──────── Provided material ────────

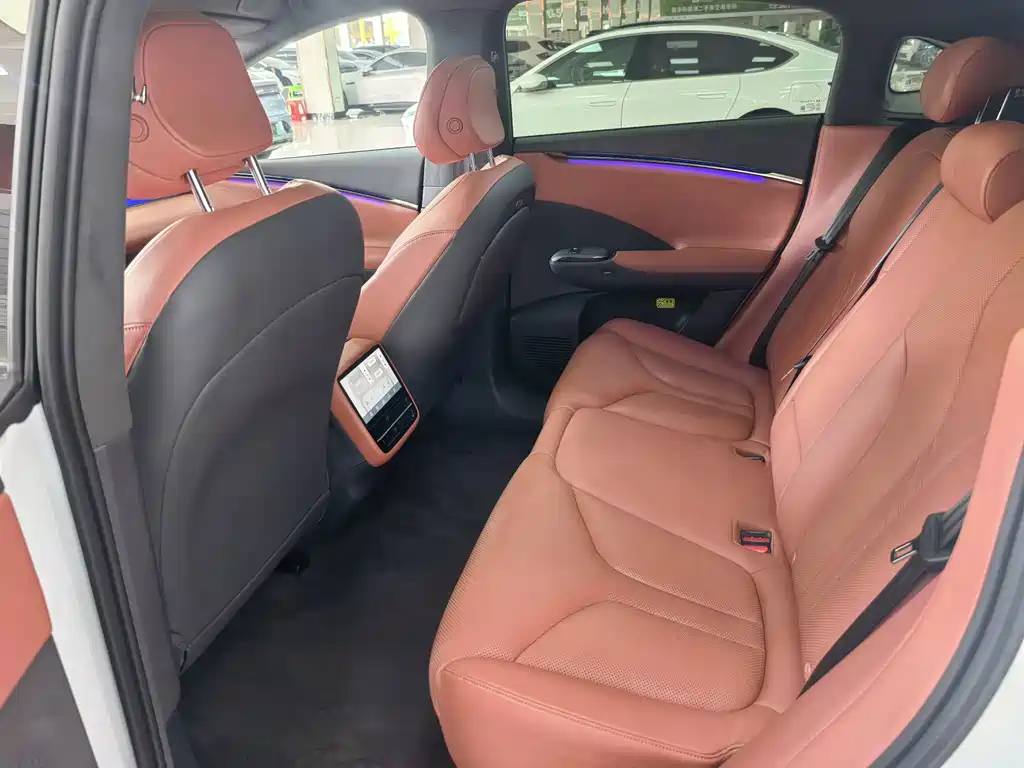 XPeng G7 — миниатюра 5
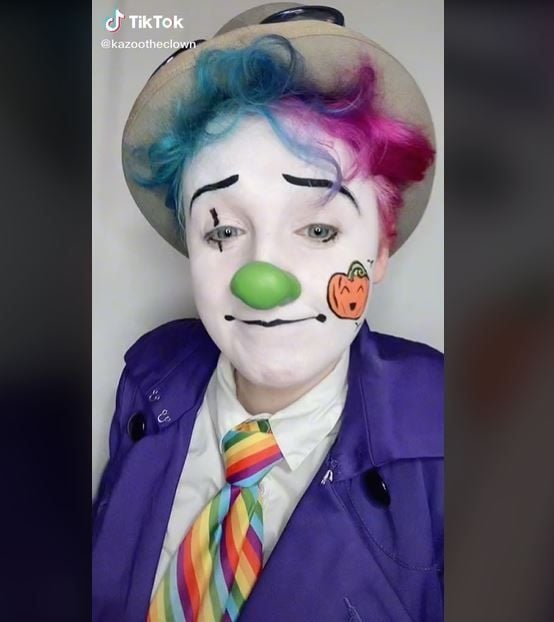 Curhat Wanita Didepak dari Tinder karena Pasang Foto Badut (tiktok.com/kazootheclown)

────────
──────── Provided material ────────

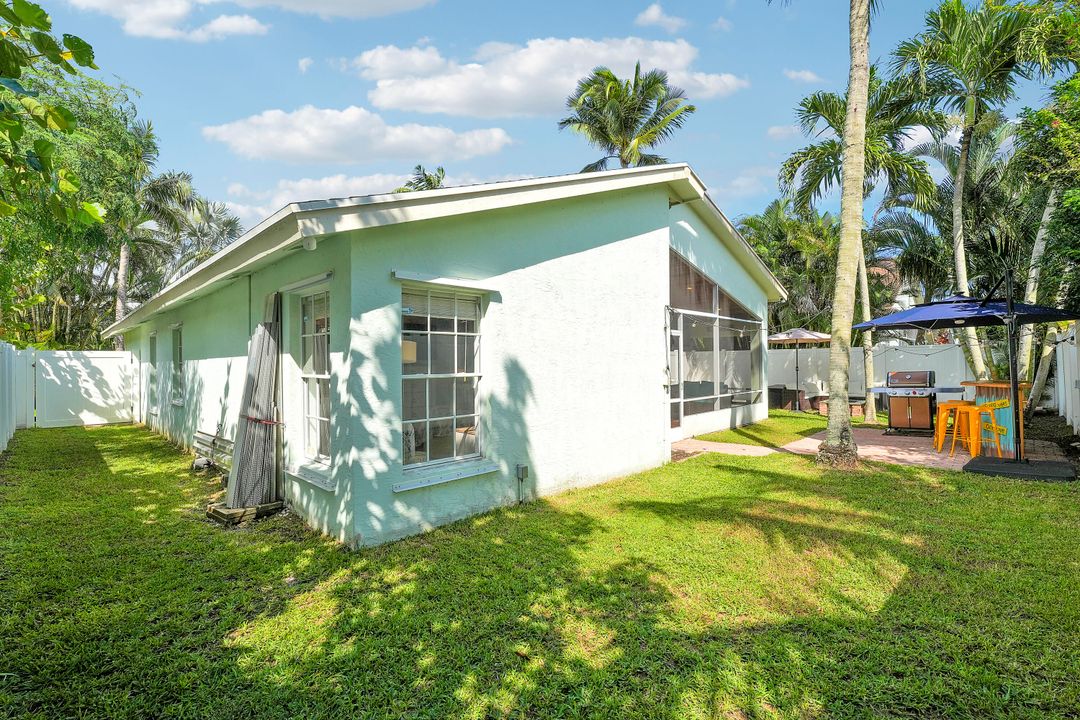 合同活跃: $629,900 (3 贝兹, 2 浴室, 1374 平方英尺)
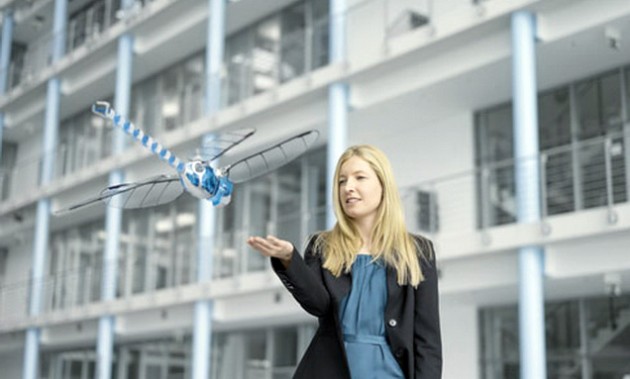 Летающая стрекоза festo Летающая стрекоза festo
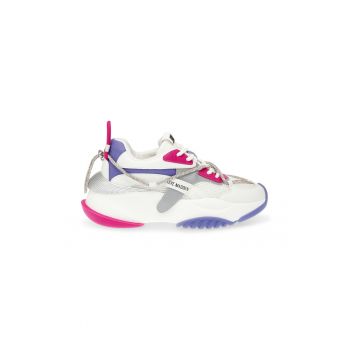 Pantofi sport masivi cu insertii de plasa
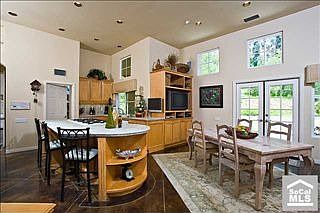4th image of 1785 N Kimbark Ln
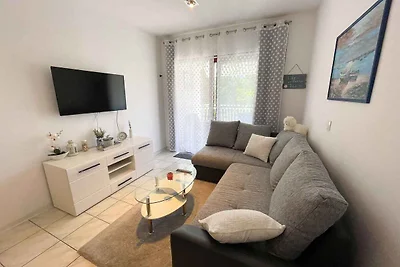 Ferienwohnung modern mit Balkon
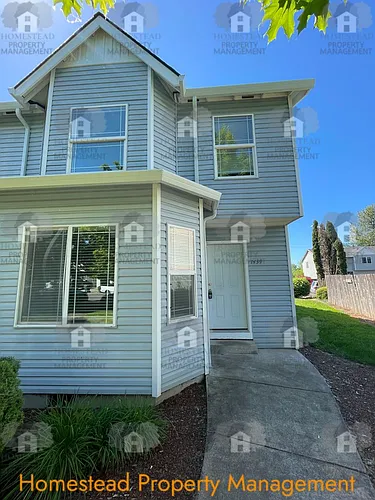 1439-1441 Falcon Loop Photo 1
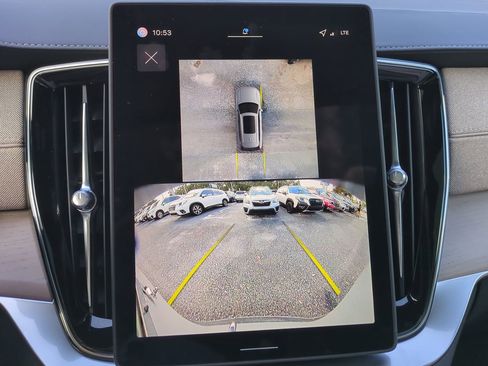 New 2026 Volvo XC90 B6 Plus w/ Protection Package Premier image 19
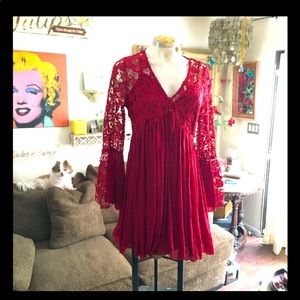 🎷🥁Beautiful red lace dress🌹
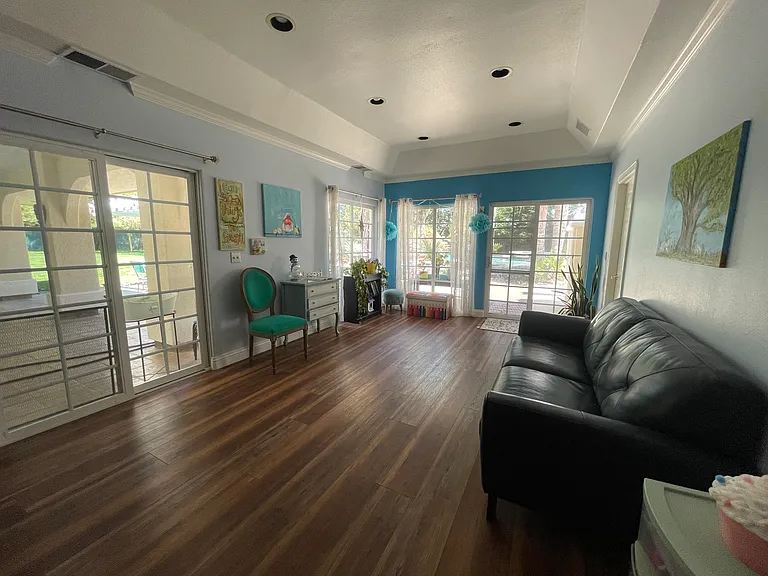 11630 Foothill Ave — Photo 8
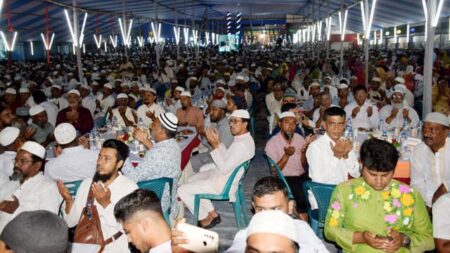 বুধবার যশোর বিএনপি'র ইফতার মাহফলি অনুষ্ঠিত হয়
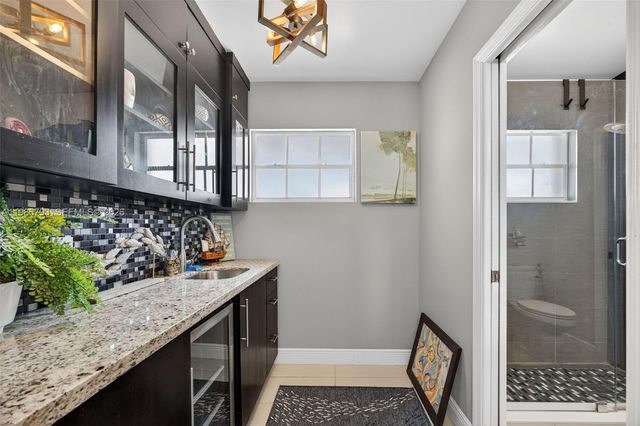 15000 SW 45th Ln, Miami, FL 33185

────────

▸ **Your objective**
Above are the records; copy from them only the lines starting at the one containing "বুধবার যশোর বিএনপি'র" and ending at the one containing "15000 SW 45th Ln, Miami, FL 33185", exactly and without pictures.

▸ **Answer below**
 বুধবার যশোর বিএনপি'র ইফতার মাহফলি অনুষ্ঠিত হয়
 15000 SW 45th Ln, Miami, FL 33185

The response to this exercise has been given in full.